According to a recent monthly report of the International Energy Agency (IEA), the fall in the crude oil supply at the global market has reduced inventories in some areas.
Global supply of crude oil declined 120 kbpd in March 2013 because of a fall in OPEC output on the back of disruptions in Nigeria, Libya and Iraq and against a backdrop of seasonally weaker second-quarter refiner demand. OPEC’s crude oil output was down 140 kbpd to 30.44 mn bpd.
The report shows that even the non-OPEC supply has likely come off its high levels of Dec 2012 quarter in the March 2013 quarter by around 240 kpbd to 54 mn bpd.
For the year as a whole, the non-OPEC supply is expected to average at 54.4 mn bpd or a rise of 1.1 mbpd from 2012.
The OECD industry oil stocks contracted 32.9 million barrels to stand at 2,664 million barrels by end-February because of reduced oil supply.

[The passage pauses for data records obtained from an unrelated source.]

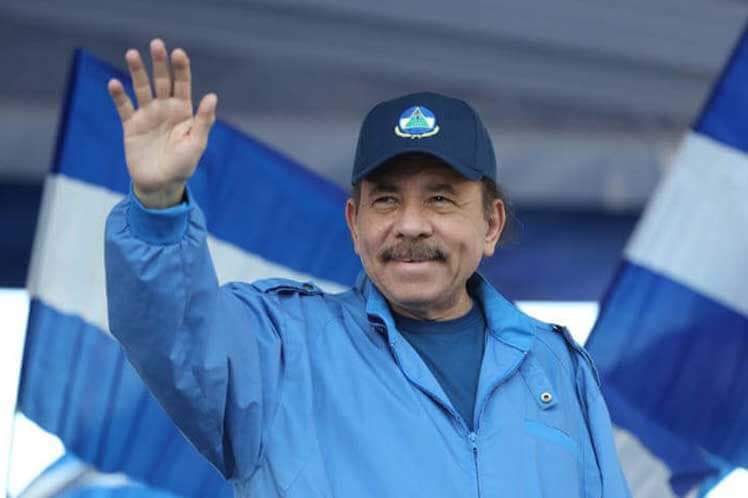 Somos2V's tweet photo. #NicaraguaQuierePaz Comandante Daniel Ortega; Si los empresarios aducen que cierran sus negocios cuando llaman a paro, porque tienen temor a que les quemen sus negocios; pues les mandaremos a la policía para que proteja esos negocios
@taniasandinista https://t.co/UT0En7AhC7
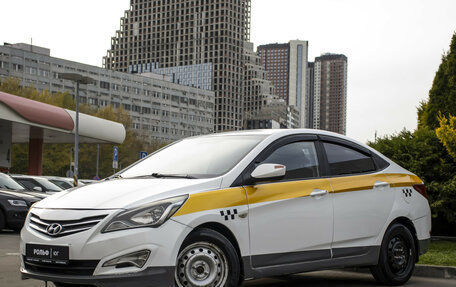 Hyundai Solaris II рестайлинг, 2016 год, 495 000 рублей, 1 фотография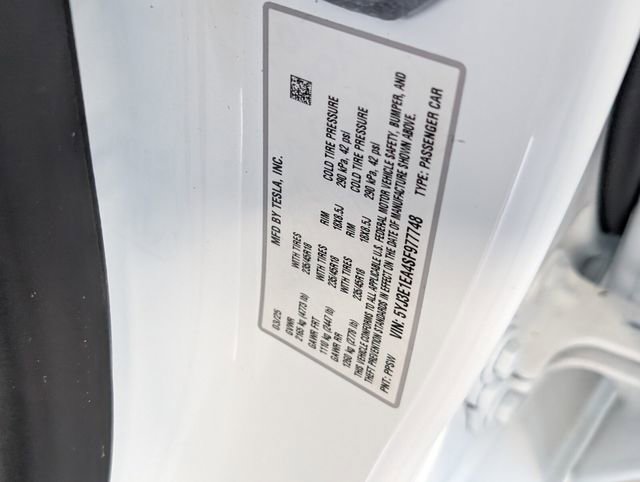 Used 2025 Tesla Model 3 Long Range image 16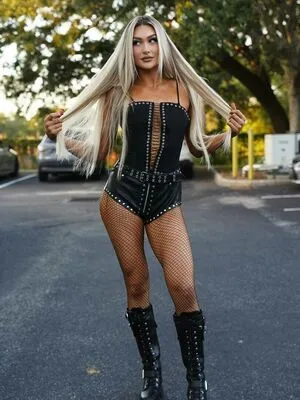 Izzi Dame OnlyFans Leaked Free Thumbnail Picture - #4naRA5VDv8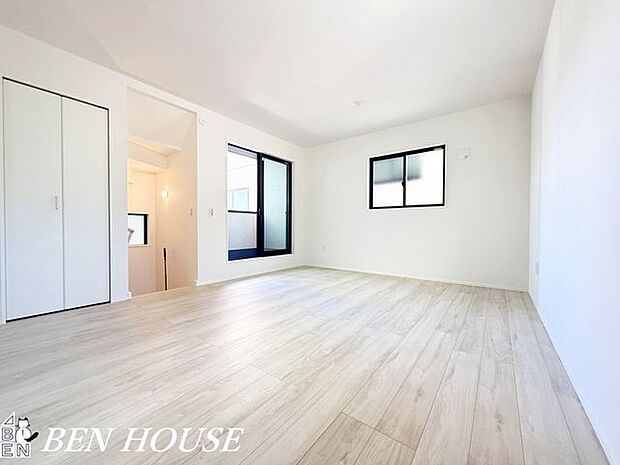 リビング・家族が思い思いに過ごせるゆとりのリビング。自然光をたっぷり取り込み、開放的な暮らしを演出します。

Product stocks led the draw, falling by 29 million barrels on reduced refining output, and by end-February covered 31.1 days of demand, 0.2 day less than a month earlier, mentioned the report.
In the report, the IEA maintained its forecast of global demand growth for 2013 at 795 kbpd, to 90.6 mbpd. It expects OECD demand to fall an aggregate 480 kbpd, led by a 340 kbpd decline in Europe, while non-OECD demand to grow by 1.28 mn bpd in 2013.